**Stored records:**
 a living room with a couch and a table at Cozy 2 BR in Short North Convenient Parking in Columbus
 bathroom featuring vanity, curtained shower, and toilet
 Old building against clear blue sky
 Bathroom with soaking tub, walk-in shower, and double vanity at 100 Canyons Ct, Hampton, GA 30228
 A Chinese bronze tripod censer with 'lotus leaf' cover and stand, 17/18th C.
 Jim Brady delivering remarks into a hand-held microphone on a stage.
--
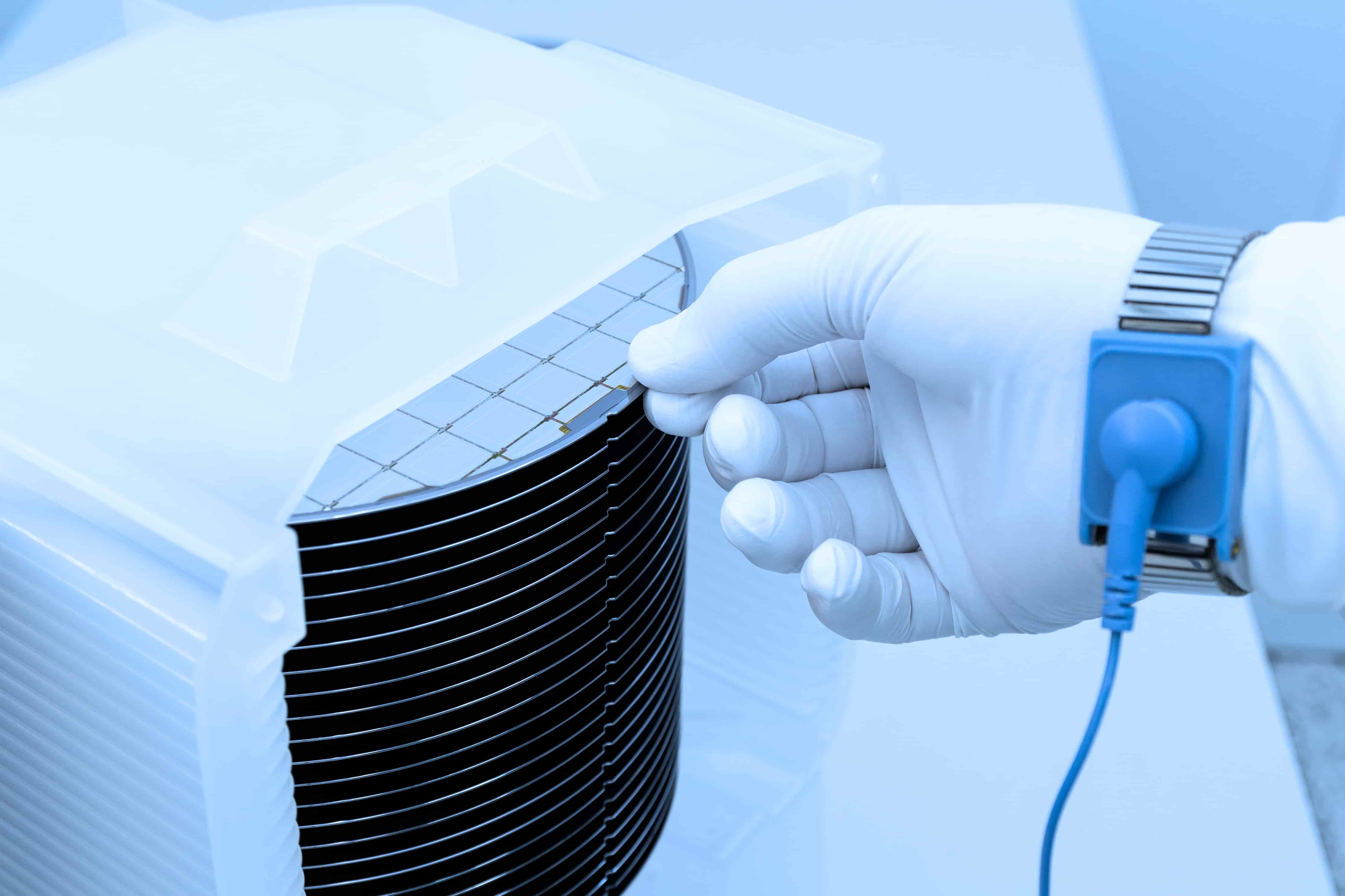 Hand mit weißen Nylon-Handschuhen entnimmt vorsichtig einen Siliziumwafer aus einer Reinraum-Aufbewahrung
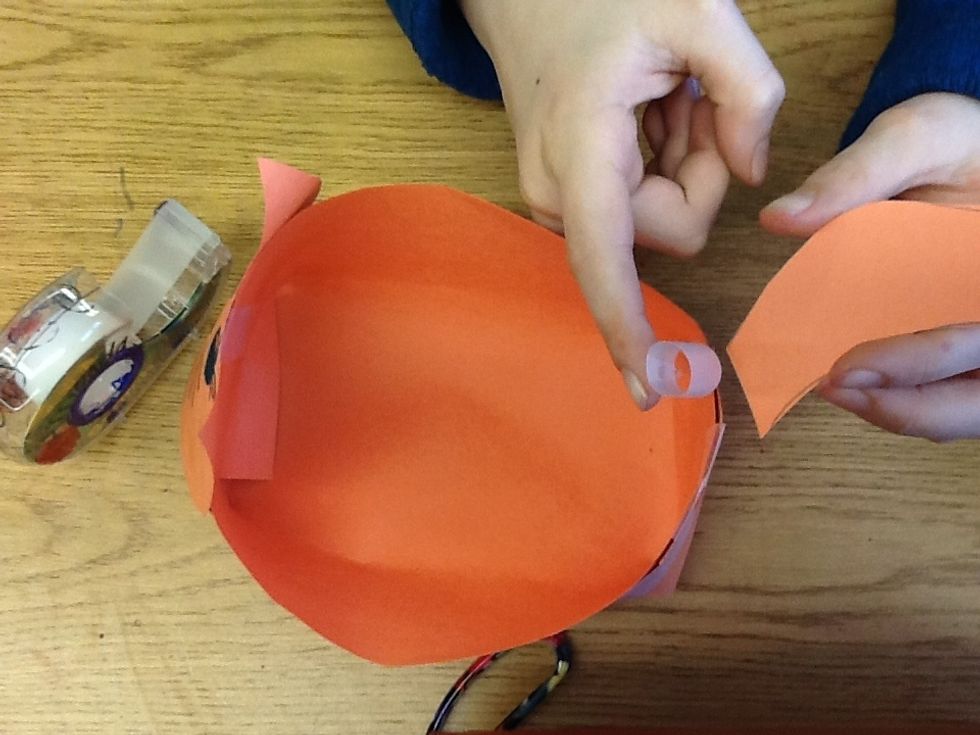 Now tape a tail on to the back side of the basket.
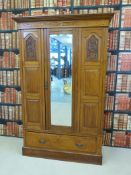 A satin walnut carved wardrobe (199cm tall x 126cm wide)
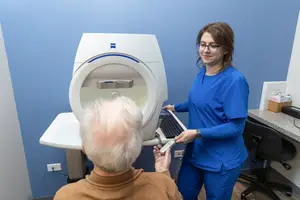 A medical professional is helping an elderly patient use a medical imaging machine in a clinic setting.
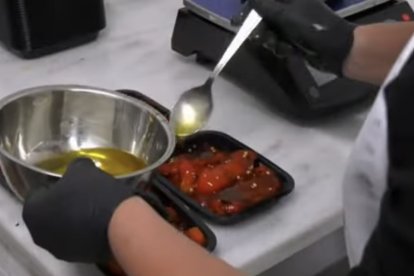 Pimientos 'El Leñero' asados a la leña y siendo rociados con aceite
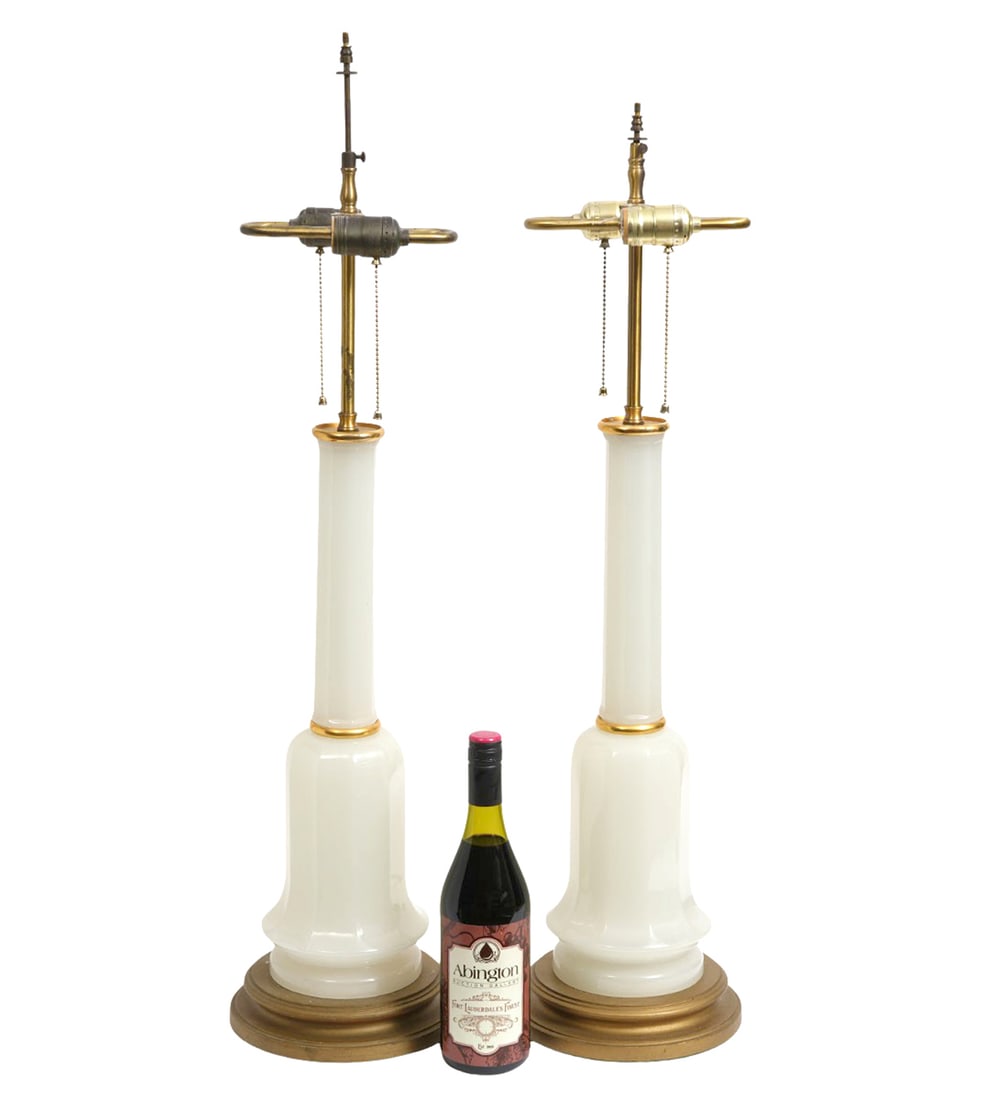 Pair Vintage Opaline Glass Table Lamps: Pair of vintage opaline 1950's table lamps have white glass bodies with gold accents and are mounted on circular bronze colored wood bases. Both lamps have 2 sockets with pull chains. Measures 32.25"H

**Task brief:**
Starting with the line above that holds "a living room" and stopping with the line that holds "Jim Brady delivering", reproduce each line exactly, omitting all other lines.

**Your solution:**
 a living room with a couch and a table at Cozy 2 BR in Short North Convenient Parking in Columbus
 bathroom featuring vanity, curtained shower, and toilet
 Old building against clear blue sky
 Bathroom with soaking tub, walk-in shower, and double vanity at 100 Canyons Ct, Hampton, GA 30228
 A Chinese bronze tripod censer with 'lotus leaf' cover and stand, 17/18th C.
 Jim Brady delivering remarks into a hand-held microphone on a stage.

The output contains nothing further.